→ WHAT THE TASK ASKS:
Please retype the data in full, exactly as given.

→ DATA FOR REVIEW:
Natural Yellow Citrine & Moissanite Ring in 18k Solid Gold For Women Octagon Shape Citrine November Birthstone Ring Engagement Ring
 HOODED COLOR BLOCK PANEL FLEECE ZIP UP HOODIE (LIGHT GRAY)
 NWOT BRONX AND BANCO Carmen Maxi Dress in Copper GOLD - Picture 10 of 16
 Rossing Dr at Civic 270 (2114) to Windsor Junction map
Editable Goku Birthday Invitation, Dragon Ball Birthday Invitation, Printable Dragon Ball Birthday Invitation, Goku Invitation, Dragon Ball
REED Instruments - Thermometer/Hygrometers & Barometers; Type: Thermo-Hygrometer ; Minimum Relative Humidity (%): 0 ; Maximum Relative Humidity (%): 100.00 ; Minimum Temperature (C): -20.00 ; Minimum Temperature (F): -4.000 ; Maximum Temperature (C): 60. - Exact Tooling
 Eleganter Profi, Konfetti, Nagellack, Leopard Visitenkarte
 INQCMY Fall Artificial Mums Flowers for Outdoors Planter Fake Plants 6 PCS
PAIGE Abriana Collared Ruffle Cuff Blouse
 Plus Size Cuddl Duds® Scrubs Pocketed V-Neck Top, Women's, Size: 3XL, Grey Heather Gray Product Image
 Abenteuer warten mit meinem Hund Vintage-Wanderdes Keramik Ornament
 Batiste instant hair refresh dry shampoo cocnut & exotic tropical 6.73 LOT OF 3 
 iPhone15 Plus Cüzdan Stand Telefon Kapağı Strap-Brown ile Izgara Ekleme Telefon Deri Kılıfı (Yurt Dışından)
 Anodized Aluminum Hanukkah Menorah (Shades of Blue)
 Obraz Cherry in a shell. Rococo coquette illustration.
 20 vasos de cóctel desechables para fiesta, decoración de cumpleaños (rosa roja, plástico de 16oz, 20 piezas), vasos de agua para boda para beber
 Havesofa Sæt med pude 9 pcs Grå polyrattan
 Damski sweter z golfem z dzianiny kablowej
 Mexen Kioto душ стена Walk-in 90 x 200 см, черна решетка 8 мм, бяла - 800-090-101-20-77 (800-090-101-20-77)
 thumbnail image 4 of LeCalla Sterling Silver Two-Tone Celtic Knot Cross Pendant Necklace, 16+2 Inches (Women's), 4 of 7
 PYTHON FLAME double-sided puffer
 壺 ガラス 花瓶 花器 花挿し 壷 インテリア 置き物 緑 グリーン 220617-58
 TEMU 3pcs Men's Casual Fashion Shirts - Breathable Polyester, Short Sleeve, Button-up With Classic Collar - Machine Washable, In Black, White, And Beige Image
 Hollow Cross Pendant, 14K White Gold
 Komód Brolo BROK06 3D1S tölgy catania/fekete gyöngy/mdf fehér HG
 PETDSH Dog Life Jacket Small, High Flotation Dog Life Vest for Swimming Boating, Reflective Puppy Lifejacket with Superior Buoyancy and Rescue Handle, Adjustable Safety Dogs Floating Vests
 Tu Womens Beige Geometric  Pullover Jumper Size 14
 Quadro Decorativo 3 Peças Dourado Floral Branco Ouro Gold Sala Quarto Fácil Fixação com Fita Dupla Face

→ WORKED SOLUTION:
Natural Yellow Citrine & Moissanite Ring in 18k Solid Gold For Women Octagon Shape Citrine November Birthstone Ring Engagement Ring
 HOODED COLOR BLOCK PANEL FLEECE ZIP UP HOODIE (LIGHT GRAY)
 NWOT BRONX AND BANCO Carmen Maxi Dress in Copper GOLD - Picture 10 of 16
 Rossing Dr at Civic 270 (2114) to Windsor Junction map
Editable Goku Birthday Invitation, Dragon Ball Birthday Invitation, Printable Dragon Ball Birthday Invitation, Goku Invitation, Dragon Ball
REED Instruments - Thermometer/Hygrometers & Barometers; Type: Thermo-Hygrometer ; Minimum Relative Humidity (%): 0 ; Maximum Relative Humidity (%): 100.00 ; Minimum Temperature (C): -20.00 ; Minimum Temperature (F): -4.000 ; Maximum Temperature (C): 60. - Exact Tooling
 Eleganter Profi, Konfetti, Nagellack, Leopard Visitenkarte
 INQCMY Fall Artificial Mums Flowers for Outdoors Planter Fake Plants 6 PCS
PAIGE Abriana Collared Ruffle Cuff Blouse
 Plus Size Cuddl Duds® Scrubs Pocketed V-Neck Top, Women's, Size: 3XL, Grey Heather Gray Product Image
 Abenteuer warten mit meinem Hund Vintage-Wanderdes Keramik Ornament
 Batiste instant hair refresh dry shampoo cocnut & exotic tropical 6.73 LOT OF 3 
 iPhone15 Plus Cüzdan Stand Telefon Kapağı Strap-Brown ile Izgara Ekleme Telefon Deri Kılıfı (Yurt Dışından)
 Anodized Aluminum Hanukkah Menorah (Shades of Blue)
 Obraz Cherry in a shell. Rococo coquette illustration.
 20 vasos de cóctel desechables para fiesta, decoración de cumpleaños (rosa roja, plástico de 16oz, 20 piezas), vasos de agua para boda para beber
 Havesofa Sæt med pude 9 pcs Grå polyrattan
 Damski sweter z golfem z dzianiny kablowej
 Mexen Kioto душ стена Walk-in 90 x 200 см, черна решетка 8 мм, бяла - 800-090-101-20-77 (800-090-101-20-77)
 thumbnail image 4 of LeCalla Sterling Silver Two-Tone Celtic Knot Cross Pendant Necklace, 16+2 Inches (Women's), 4 of 7
 PYTHON FLAME double-sided puffer
 壺 ガラス 花瓶 花器 花挿し 壷 インテリア 置き物 緑 グリーン 220617-58
 TEMU 3pcs Men's Casual Fashion Shirts - Breathable Polyester, Short Sleeve, Button-up With Classic Collar - Machine Washable, In Black, White, And Beige Image
 Hollow Cross Pendant, 14K White Gold
 Komód Brolo BROK06 3D1S tölgy catania/fekete gyöngy/mdf fehér HG
 PETDSH Dog Life Jacket Small, High Flotation Dog Life Vest for Swimming Boating, Reflective Puppy Lifejacket with Superior Buoyancy and Rescue Handle, Adjustable Safety Dogs Floating Vests
 Tu Womens Beige Geometric  Pullover Jumper Size 14
 Quadro Decorativo 3 Peças Dourado Floral Branco Ouro Gold Sala Quarto Fácil Fixação com Fita Dupla Face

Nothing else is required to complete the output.